It’s beyond the scope of this book to describe all the personnel needed on a ship, but in a fantasy world, we have new humanoid species and occupations that can be added to the typical crew from Earth vessels. This can be true in SF, too, but the crafts there are usually spaceships. Ships often had livestock and even plants, mostly for consumption, which means our invented plants and animals can be aboard, too.
Many fighting ships have military on board for the combat that might ensue when ships entangle (on purpose or not). Any sailor can engage in the fighting, but trained military are typically aboard during fleet actions. We can have such people onboard any vessel as standard crew, their numbers depending on overall ship and crew size. Larger numbers of such warriors will need quarters set aside for them (they may not be berthed with the sailors), but we needn’t go into such details unless desired.

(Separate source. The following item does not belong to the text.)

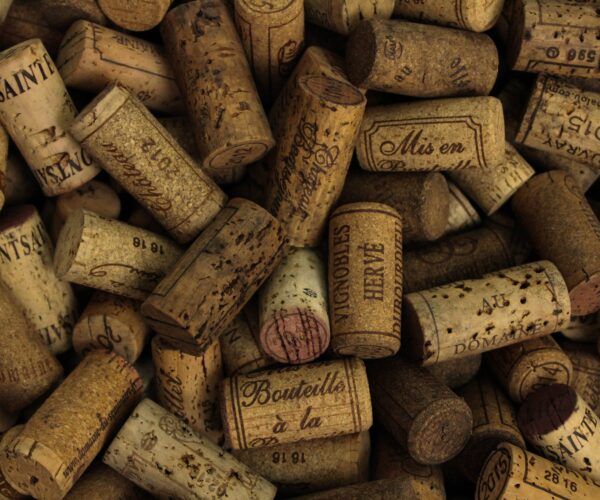 A bunch of wine corks mainly from the Bordeaux region
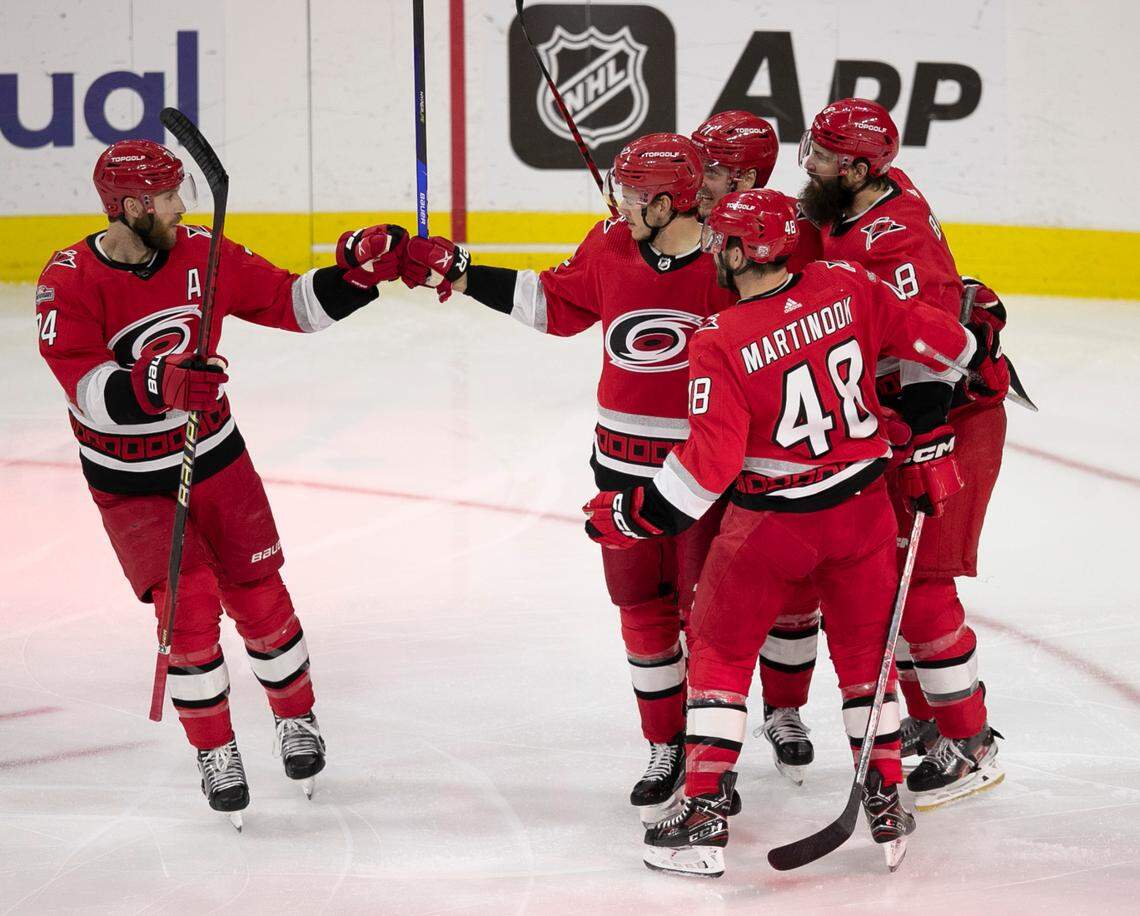 The Carolina Hurricanes Jaccob Slavin (74) congratulates Jesperi Kotkaniemi (82) after Kotkaniemi scored in the second period to take 3-0 lead over the New Jersey Devils during Game 1 of their second round Stanley Cup playoff series on Wednesday, May 3, 2023 at PNC Arena in Raleigh, N.C.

Knights are an obvious choice for hand-to-hand combat. They weren’t on ships during the Age of Sail for the reason of gunpowder: bullets, and by extension cannons, had rendered armor useless. If we lack this issue on our world, then knights might figure heavily in the military aboard. A single knight could be present to represent knightly values or a kingdom on formal terms, or a group could be there in expectation of combat at sea. They can be available for missions ashore. However, even in a world without guns, knights still sink rather handily once overboard. They also make fine targets for archers.
Pirates wouldn’t have knights on their ships and might think twice about attacking such a ship, if knights are assumed to be aboard. Why would they assume this? British ships-of-the-line were known to have marines aboard, so a ship belonging to a country of our invention can, too. Raising the country’s flag might warn off pirates.
Ninjas or other forms of martial artists could be highly prized, due to their superior rope climbing skills and balance on those yard arms. Imagine how quickly they can board an enemy ship at close range.
Aboard a ship, unless there’s a duel of some kind, the fighting is in close quarters, so space constraints would render weapons such as a staff less effective. Consider the weapons used by your warrior class which is routinely assigned to a ship, and whether they’re appropriate under these conditions.
If guns don’t exist on our world, archery is the obvious long-range weaponry fired by one person at a time (as opposed to a cannon). This can happen before and after ships entangle. These can be long/short bows or crossbows that fire flaming arrows into rigging or the hull (or people). Consider where such individuals might be stationed as ships battle.